Un impacto directo para miles de jóvenes que buscan aprender un oficio

La modificación reglamentaria establece que únicamente los ciudadanos estadounidenses o las personas con residencia legal en el país podrán acceder a certificaciones profesionales, programas de aprendizaje, diplomaturas en tecnología aplicada y formatos de doble titulación en los distritos escolares. La prohibición golpea de forma directa las perspectivas de desarrollo de aproximadamente 8.000 estudiantes indocumentados que se gradúan anualmente de las escuelas secundarias de Florida.

Desde el Departamento de Educación de Florida argumentaron que la medida busca unificar los criterios de admisión en todo el sistema estatal. Autoridades del área de Educación Profesional y para Adultos señalaron que la intención oficial es trasladar el estándar estricto aplicado en la educación universitaria hacia los programas técnicos de los distritos, impidiendo que fondos o estructuras públicas alberguen a residentes sin papeles.

Críticas del sector educativo y el giro político respecto a años anteriores

La resolución generó un rechazo inmediato por parte de organizaciones civiles y sindicatos docentes como la United Faculty of Florida y la Florida Education Association. Los portavoces del sector advirtieron que esta barrera legal frena el crecimiento económico regional y cierra oportunidades en momentos donde el estado enfrenta una severa escasez de personal en la atención médica, la educación, la mecánica y los servicios eléctricos.

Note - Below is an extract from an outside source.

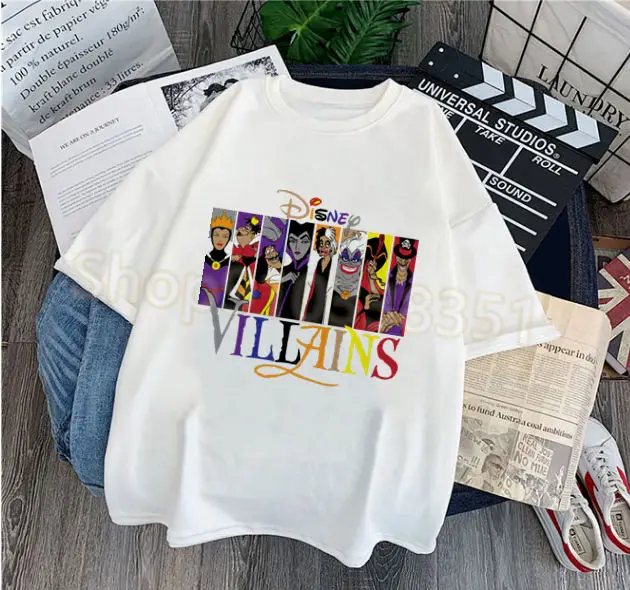 Funny Classic Villains Cartoon Printed T-Shirt Women Summer Loose T-Shirts Short Sleeve Gothic Y2k Top Girls Clothing Couples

El escenario actual representa una ruptura drástica con la orientación política que tuvo el estado años atrás. En 2014, bajo la gestión del entonces gobernador Rick Scott y con el respaldo de amplios sectores legislativos, Florida había promulgado leyes para permitir que los estudiantes indocumentados criados en el estado pagaran tarifas universitarias locales. Con la reciente derogación de esas exenciones y la aprobación de este nuevo veto a la formación técnica, la administración estatal consolida un giro restrictivo en el acceso a la educación pública.